**Task to complete:** Write out the lines below exactly, beginning at the one with "abstract painting tower." and stopping after the one with "MUUEGM Farmhouse Nightstand"; the pictures are not copied.

____ Supplied records

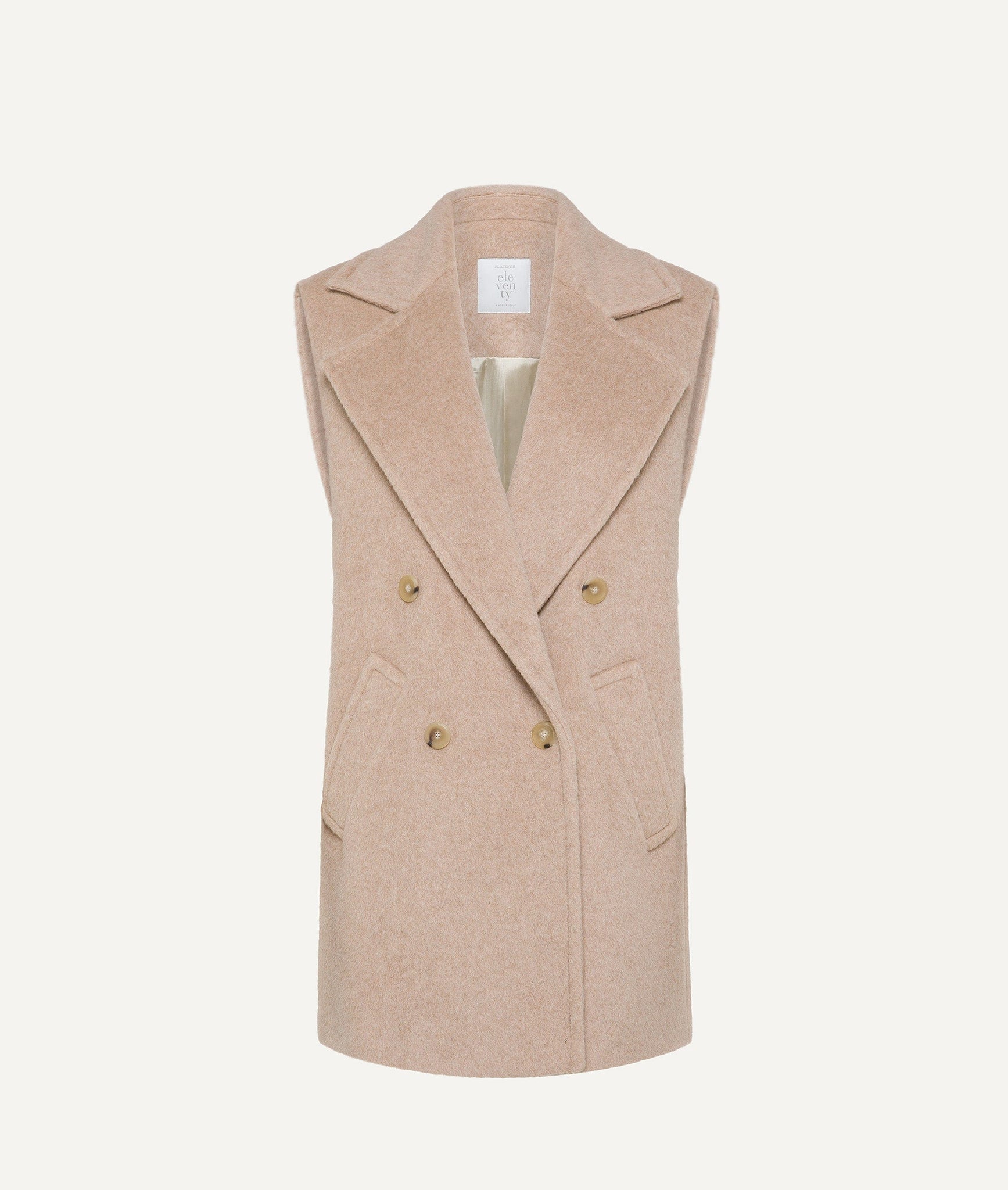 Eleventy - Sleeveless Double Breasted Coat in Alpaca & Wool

________
____ Supplied records

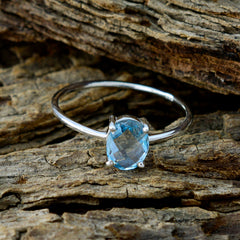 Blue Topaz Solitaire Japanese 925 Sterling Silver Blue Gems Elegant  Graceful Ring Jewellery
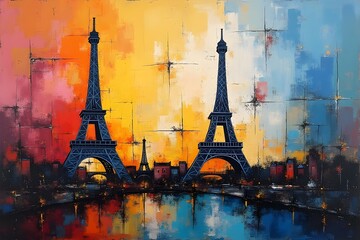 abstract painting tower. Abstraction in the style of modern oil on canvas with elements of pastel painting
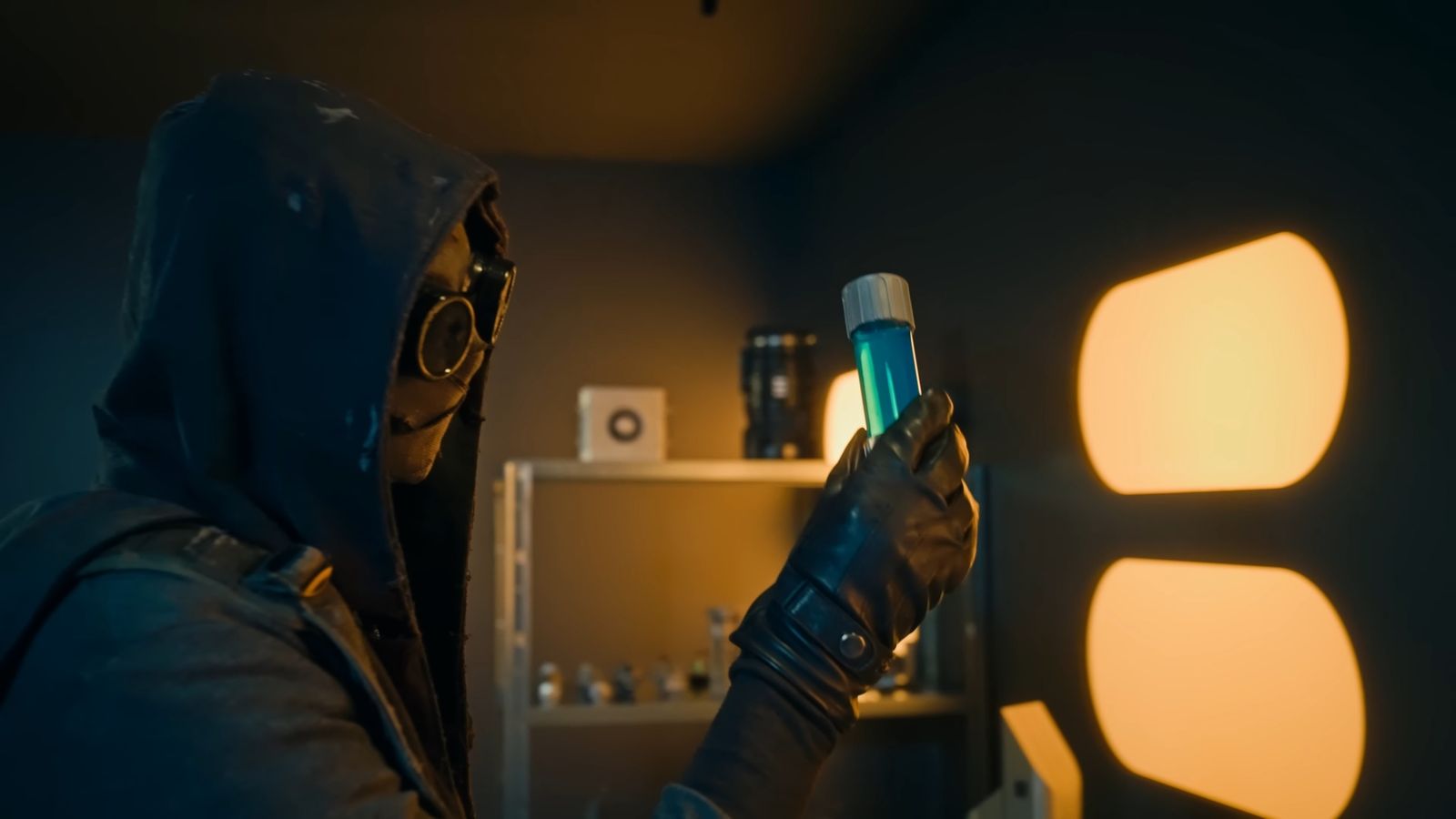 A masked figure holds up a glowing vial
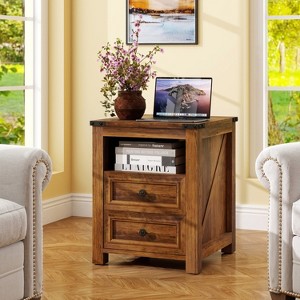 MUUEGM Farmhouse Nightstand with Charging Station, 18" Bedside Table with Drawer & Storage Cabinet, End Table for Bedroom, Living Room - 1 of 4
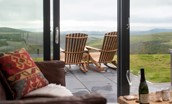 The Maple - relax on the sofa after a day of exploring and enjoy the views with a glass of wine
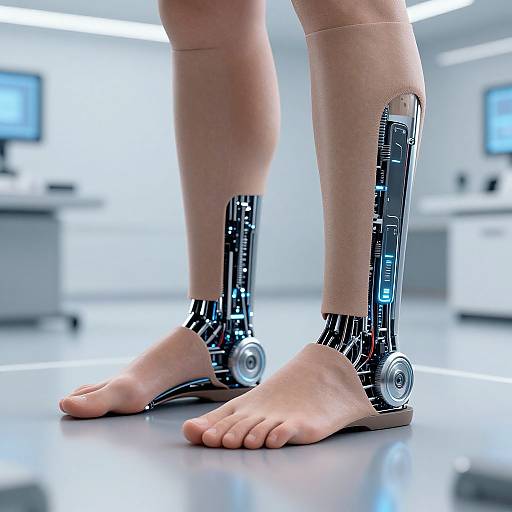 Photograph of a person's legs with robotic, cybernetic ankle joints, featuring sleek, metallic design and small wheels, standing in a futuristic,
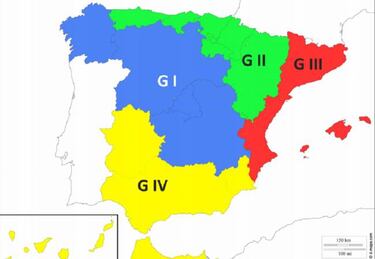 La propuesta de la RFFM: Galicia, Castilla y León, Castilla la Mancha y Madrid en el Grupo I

________

**Response to the exercise:**
 abstract painting tower. Abstraction in the style of modern oil on canvas with elements of pastel painting
 A masked figure holds up a glowing vial
 MUUEGM Farmhouse Nightstand with Charging Station, 18" Bedside Table with Drawer & Storage Cabinet, End Table for Bedroom, Living Room - 1 of 4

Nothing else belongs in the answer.